Ayant entendu l'altercation, plusieurs passants s'étaient rapprochés et le chauffeur de la camionnette qui avait failli écraser le garçon vint les rejoindre. A en juger par les regards qu'on leur adressait, les parents surent que plusieurs passants avaient été témoins de la scène et étaient prêts à soutenir la version de Valentine. Défaits, les parents devinrent silencieux et leurs yeux devinrent fuyants.
— Vous feriez mieux de le surveiller la prochaine fois, les avertit Valentine en les regardants droits dans le blanc des yeux.
La mère prit timidement son fils par la main.

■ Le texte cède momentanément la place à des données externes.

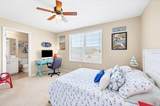4811 Woodbrook Drive - Photo 25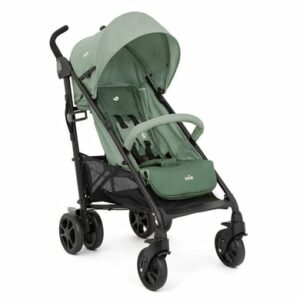 Joie Buggy Brisk LX Laurel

— Viens Kenny… Bredouilla-elle.
Puis la famille s'éloigna et alors que les passants retournaient à leurs occupations, Valentine vit la porte d'entrée du Cañada de las águilas être poussée de l'intérieur et le groupe attendu sortir de l'hôtel.
Ils avaient mis des chaussures de marche et enfilés des T-shirts et des pantalons ou des shorts de couleur neutre, soit des tenues compatibles avec le travail qui les attendait à la Ferme. Chacun portait aussi un sac à dos, contenant entre-autres leur déjeuner.

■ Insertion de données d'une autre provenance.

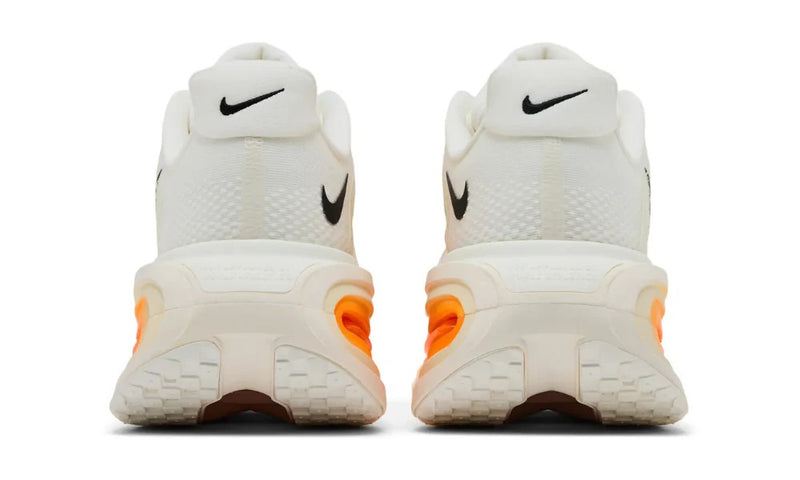 Nike Vomero Premium 'Sail Total Orange'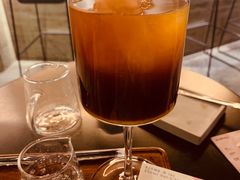 -BE NORMAL CAFE(霞溪路店)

Valentine les compta. Ils étaient cinq, comme prévu.
Claire héla Valentine.
— Monsieur Taylor ?
— Oui c'est moi, répondit-il. Bonjour.
— Bonjour. Madame Hodgson m'a informé que vous veniez nous chercher.
— Vous êtes prêts ? Demanda-il.
Ils hochèrent de la tête.
— Alors en route.
Le groupe monta dans le minibus et ils prirent la direction du sud, retraversant la ville et suivant la même route qu'ils avaient empruntée à l'aller.